それで出てきたのは、「人望はリーダーシップと愛嬌が合わさらないとちゃんと成立しない」という方程式でした。まだまだこれは仮説です。でもみなさんどこかで「うちの親分は、リーダーシップは持ってるけど愛嬌がまだ足りないな」とか、ちょっと目を閉じて、自分の上司を想像してみると思い浮かびますよね。 「もうちょっとああだったら、みんな言うこと聞いちゃうのにな」とか、そういうことがあると思います。でも、逆に言うと、そう言ってるあなたにも愛嬌がないと、みんなが一緒にやってくれない。 だから、大事なこととしては、愛嬌というのは台本で教えられないことじゃないかということなんです。こればっかりは別の機会で学ぶしかない。
実は今月(10月)25日に、コンビビアル・デザイニングということで、ここのカンファレンスで開催されるイベント「DESIGN TOUCH CONFERENCE」で90分お話をしますが、そのテーマがコンビビアリティ(conviviality)なんです。コンビビアルなパワーを、そこで僕はとっても大事にしたいと思います。
コンビビアリティというのは、辞書をお繰りになると「宴会」って書いてあります。酒飲みの宴会です。
これ僕は「意味が違う」と思っていまして、要するにコンビビアリティの本質は、実はこの「懇親力」だろう、と自分なりに訳していまして、授業なんかでは特権を使って、「そういうふうに考えろ」と学生に言っているもんですから、「コンビビアリティって何よ?」と言うと「懇親力じゃない?」とみんな言うようになりました。
教育力というのは恐ろしいもので、僕が間違えてると僕の学生も全部間違っちゃうという、恐ろしいことをやっているわけですが、現実的にコンビビアリティというのは懇親力、例えば会議をやっても、必ずあとに「懇親会」がセットされています。
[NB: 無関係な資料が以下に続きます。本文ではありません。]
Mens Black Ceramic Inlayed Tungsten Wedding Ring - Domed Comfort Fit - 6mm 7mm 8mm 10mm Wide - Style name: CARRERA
実際、宴会なんですけども、先ほどのリーダーシップや、メソドロジーはちゃんと確立してるかもしれないけど、そこに愛嬌を足す。
あるいは、カルッカイネンさんにアルコールが入った状態で「さっき言ってたことだけどさ、本当は難しいんでしょう?」とか聞いてみる。そうすると多分、「これは簡単だけど、こっちは実はとても大変!」とかって言ってくると思う。その時のカルッカイネンさんは、きっとすごく愛嬌があると思います。それはコンビビアルな場だから言えることなんです。
僕はいろんなことを混同しているまずい人間なんですけど、こういうちゃんとした場で、あるいは国会演説で冗談言うバカはいませんよね。そういうところから考えると、ちゃんとやることと、「その心は?」と聞くことがセットにならないと正しいことが見えてこない。
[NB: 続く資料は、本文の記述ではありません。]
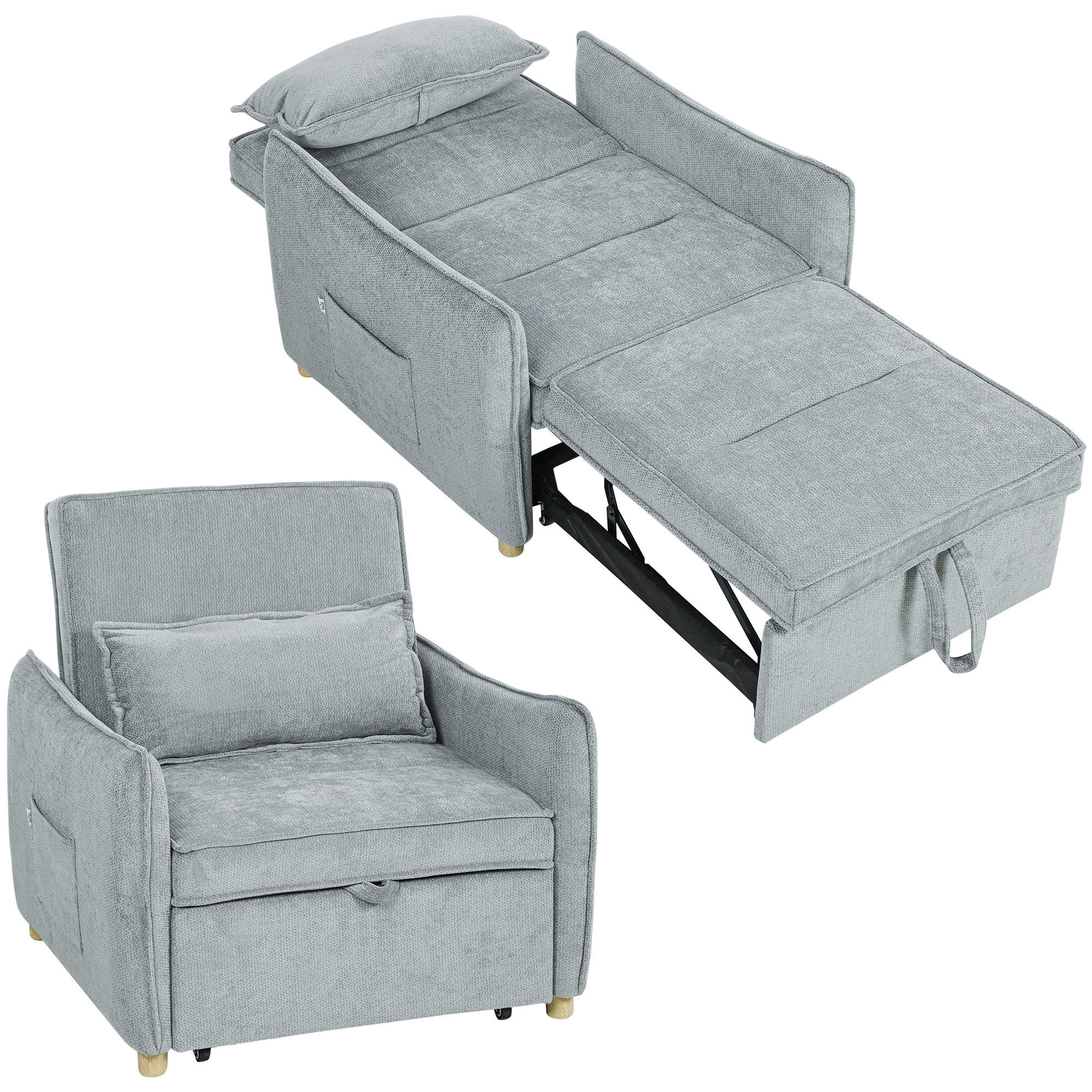 SCHLAFSESSEL DE-14630 3-in-1 Klick-Klack, breite Sitzfläche Grau - Grau, Textil (84/87/88cm) - ComfortXL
コミュニケーションが大切だと先ほど結論付けられて、人とのコミュニケーションがリーダーシップとイコールだということですが、『「すみません」の国』という本がありまして、無性におもしろくて今読んでいるんですが、みなさんも関心があったら読んでください。 その中にコミュニケーションと英語で言うけれど、日本とヨーロッパでは意味が全然違うということが書いてあります。
それは思い当たる節があって、みなさんもコミュニケーションは、話をすればコミュニケーション、通じ合えればコミュケーションと思っているかもしれませんけれど、そのためには実はとてもたくさんの山を乗り越えないといけないというんです。
簡単に概説で言いますね。日本のコミュニケーションは、意見の対立があっても「いや、お前と俺と結局、同じこと考えてるんだよな」とか言って、せっかくの論争点を曖昧にして終わる。これが日本のコミュニケーション。
これに対してヨーロッパは、「ここお前と違うけど、ここ大好き」とはっきりさせてくる。この辺が全然違うものですから、外国人とはなかなかコミュニケーションできません、日本人は。いいですか?
せっかくさっきまで違う、NOと言って、こっちはYESと言ってるのに、コミュニケーションしたら「YESとNO一緒やで」と言っちゃうんです。これじゃ先に議論がいかない。よってディベートは日本人向きではありませんね。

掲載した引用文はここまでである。